The influence of subglacial water on glaciological friction

12 Jan 2018, 10:35
45m
NO Building, Room C 60 (ETH Zürich, centre)

NO Building, Room C 60

ETH Zürich, centre

Sonneggstrasse 5 8092 Zürich
keynote Fundamentals of the Cryosphere

Speaker

Prof. Ian Hewitt (University of Oxford)

Description

The movement of continental and mountain-scale ice masses is usually modelled as a problem of viscous creep. The viscosity arises from temperature- and stress-dependent migration of defects through the polycrystalline structure of the ice, and the rheology is usually described as a power law fluid for the purposes of large-scale ice-sheet models. Much of the ice motion arises from effective slip at the bed.
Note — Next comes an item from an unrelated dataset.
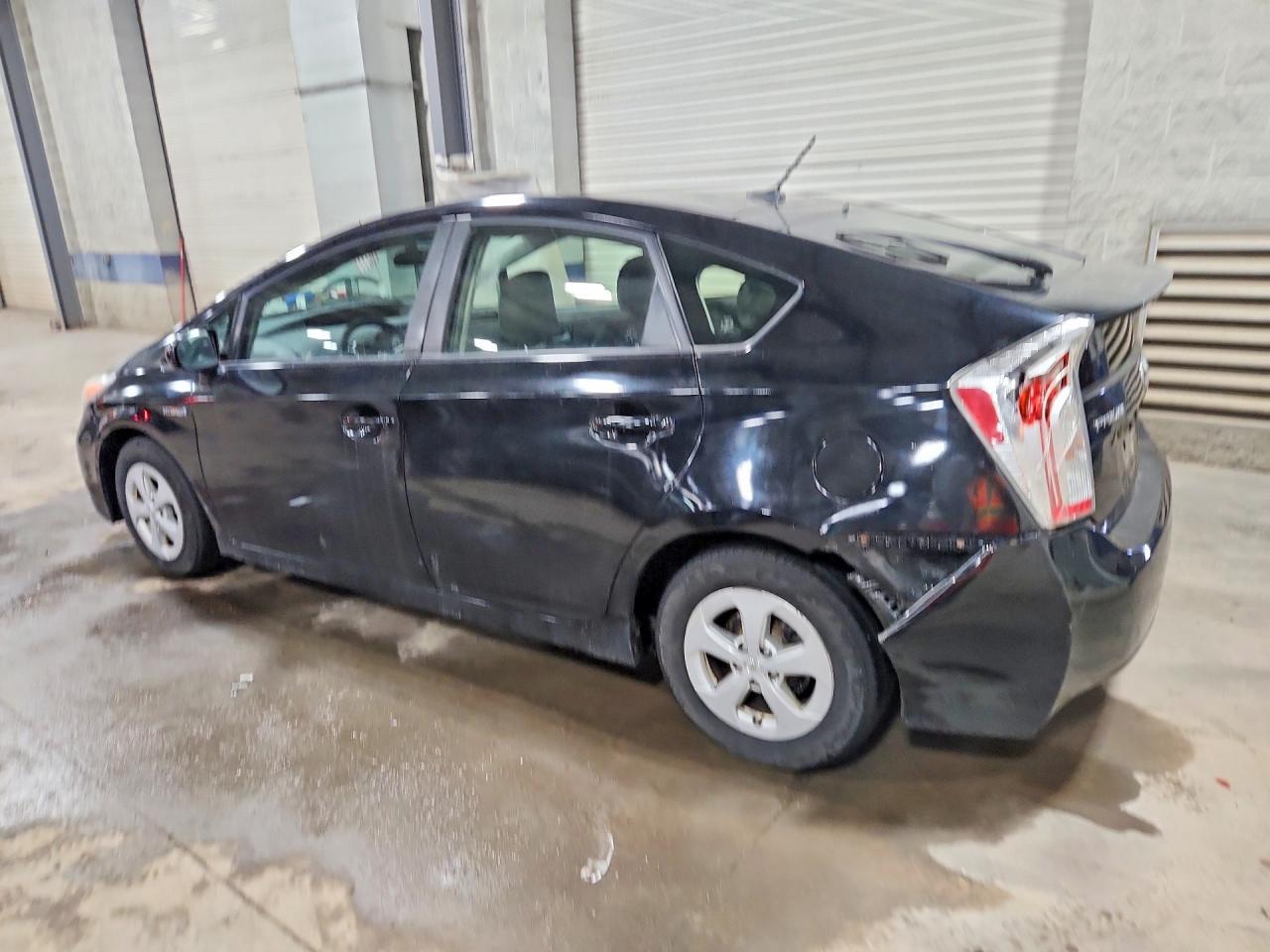 2010 Toyota Prius Ii - Image 2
This may arise from actual sliding at the ice-bed interface, from enhanced ice deformation close to the bed, or from deformation of the bed istelf (where it comprises deformable glacial sediments). The slip is described mathematically by a glaciological sliding or friction law. This presentation will review classical descriptions of the friction experienced by the flow of glacial ice over a hard bed, will highlight more recent work on the subject, and discuss opportunities for further understanding. The ice-rock interface is typically close to the pressure-dependent melting point and a thin film of water resides between ice and rock. At a small (~mm) scale, there is therefore little resistance to shear, and the macroscopic friction experienced by the glacier is thought to be primarily due to the requirement for ice to flow over or around roughness elements in the bed; effectively a type of form drag. Low stresses downstream of bumps in the bed can result in cavitation, with the ice peeling off from the bed to leave a water-filled cavity. Such cavitation on a large scale effectively reduces the ice-bed contact area and can result in a reduction of friction. We discuss conceptual models of this process and their implications in terms of the dependence of friction on ice speed, cavity pressure and volume. A crucial and unresolved question is the extent to which such cavities are hydraulically connected and can therefore evolve in response to meltwater that enters glaciers from the surface during the melt season. We will discuss observations of how glacier sliding varies in time, and hypotheses for the small-scale dynamics at the bed that give rise to these changes. We also discuss the role of bed deformation and the thermodynamic effects of regelation and viscous dissipation.

Significance statement

Glaciers and ice sheets are losing mass in response to climate change. The rate at which this happens is strongly controlled by how fast the ice can move. This talk reviews current knowledge about the glacial friction that controls this movement, and how it may change in the future.